Así, pues, lector viajero, no has de llegar de seguro al monumental puente de Cangas de Onís sin que, poco antes -cosa de dos kilómetros- te enseñen desde el camino una alta y fragosa sierra en donde diz3 que sucedió una catástrofe, que la historia cuenta y en nuestros monumentos más antiguos se halla múltiplemente representada.

Nos referimos al atrevimiento de aquel célebre oso que, a pesar de haber transcurrido muchos siglos que se estilaron los gorros frigios de la antigüedad, y faltar no pocos para que la revolución francesa volviera a ponerlos de moda y en caricatura la española, dio tan pocas muestras de respetar la dignidad regia, que en una mañana de mal humor echó la garra y arrancó la vida, como quien hace la cosa más natural del mundo, nada menos que a don Favila, rey de Asturias.

Verdad es, y sirva esto de circunstancia atenuante al regicida cuadrúpedo, que el monarca poco escrupuloso con los ursiles4 derechos, andaba por aquellos vericuetos con el no sano intento de divertirse a costa de la vida del mamífero y sus congéneres, lo cual debió parecer al habitante de las selvas, atentatorio a todo principio de buen gobierno.
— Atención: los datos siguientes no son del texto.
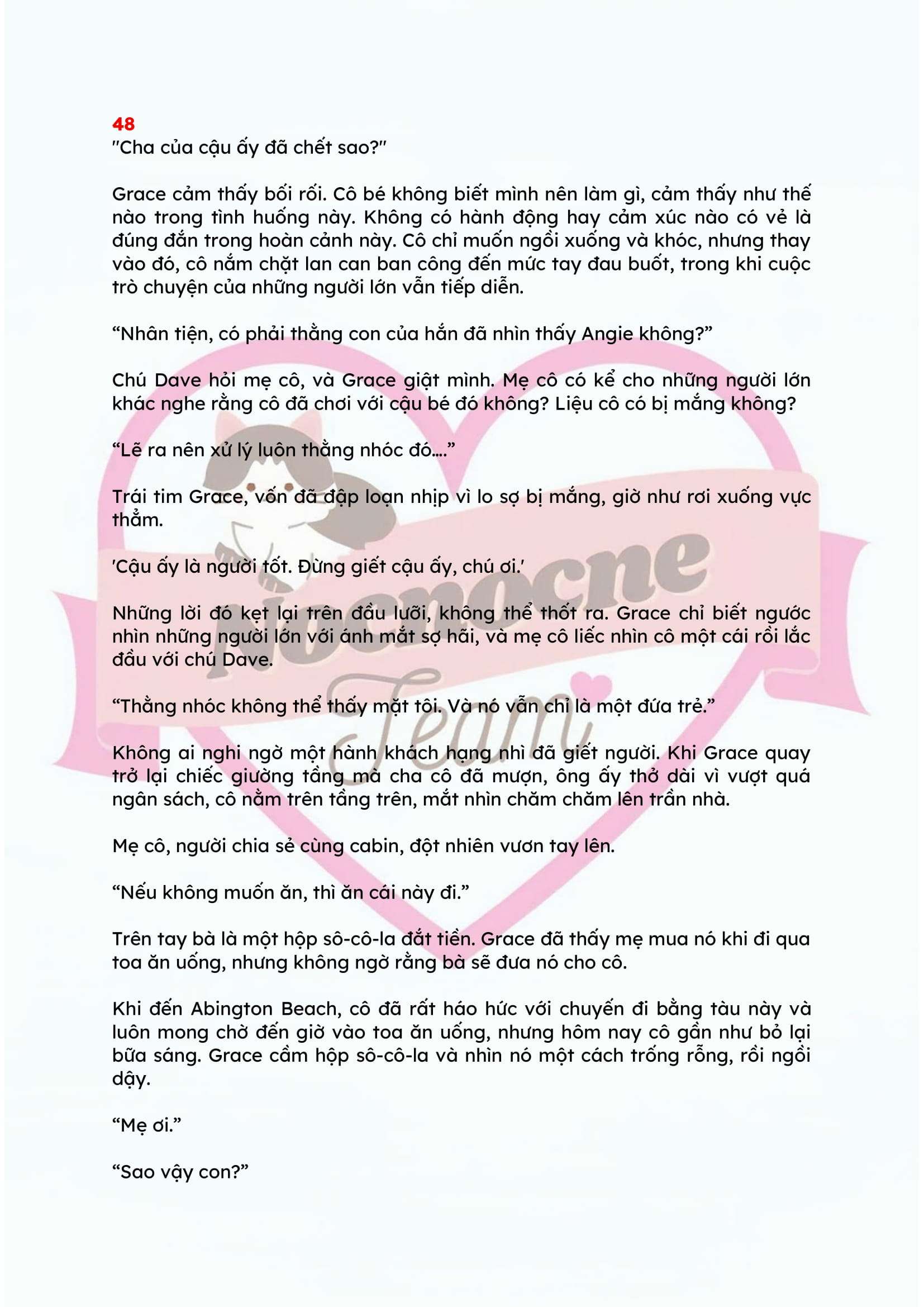 [NOVEL] HÃY CẦU XIN TÔI ĐI Chap 48 - Trang 2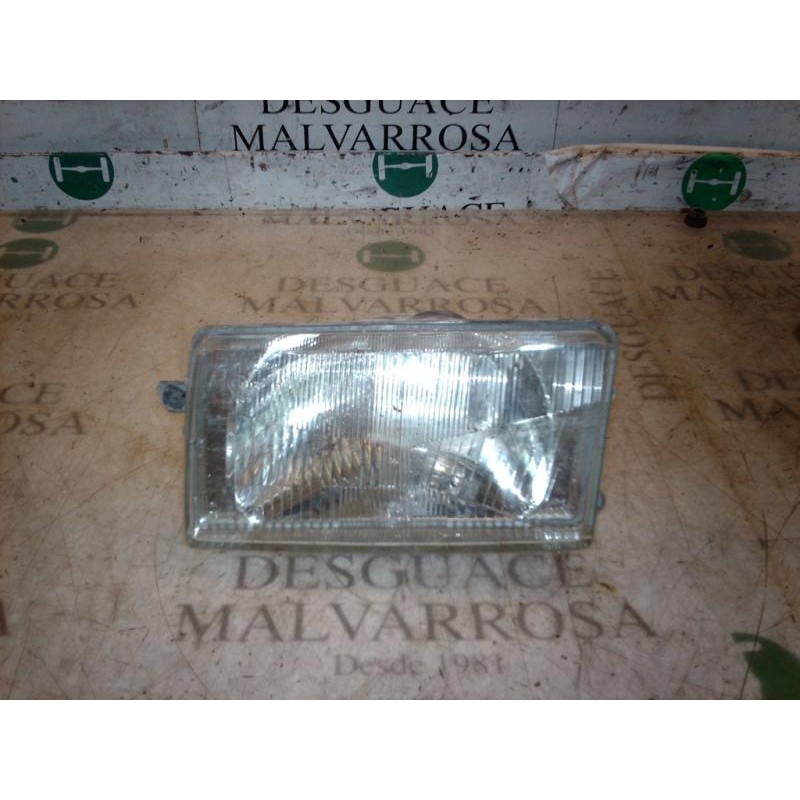 Recambio de faro izquierdo para volkswagen polo (801/803) referencia OEM IAM   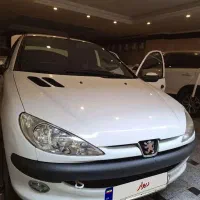 پژو 206 sd آریان(v20) مدل ۹۰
De buen grado habríamos de disertar, con este plausible motivo, acerca del derecho de insurrección, si no tuviésemos otra cosa que hacer más provechosa a nuestro intento, como es la de atravesar el valle estrecho que se extiende a la salida de la antigua Cánica5 y enseñar a nuestros lectores, al llegar —99— al punto en donde el camino tuerce a la izquierda, para internarse entre las montañas que nos ocultan el Auseba, una casa antiquísima en donde es cosa averiguada, al menos por tal pasa entre los naturales del país, que vivió D. Pelayo, siendo así aquel caserón, antepasado, por legítima ascendencia de ese suntuoso y bellísimo palacio que, en la plaza de Oriente de Madrid, hospeda hoy a los monarcas españoles. De cierto que el tal, si llega algún día a conocer a su pariente por línea recta, lo que dudamos mucho, ha de avergonzarse del abolengo y aún negarlo, fundándose en especiosas razones históricas, que pudiera prestarle cualquier crítico moderno, pues poco necesitan los muy encumbrados para desconocer su humilde origen.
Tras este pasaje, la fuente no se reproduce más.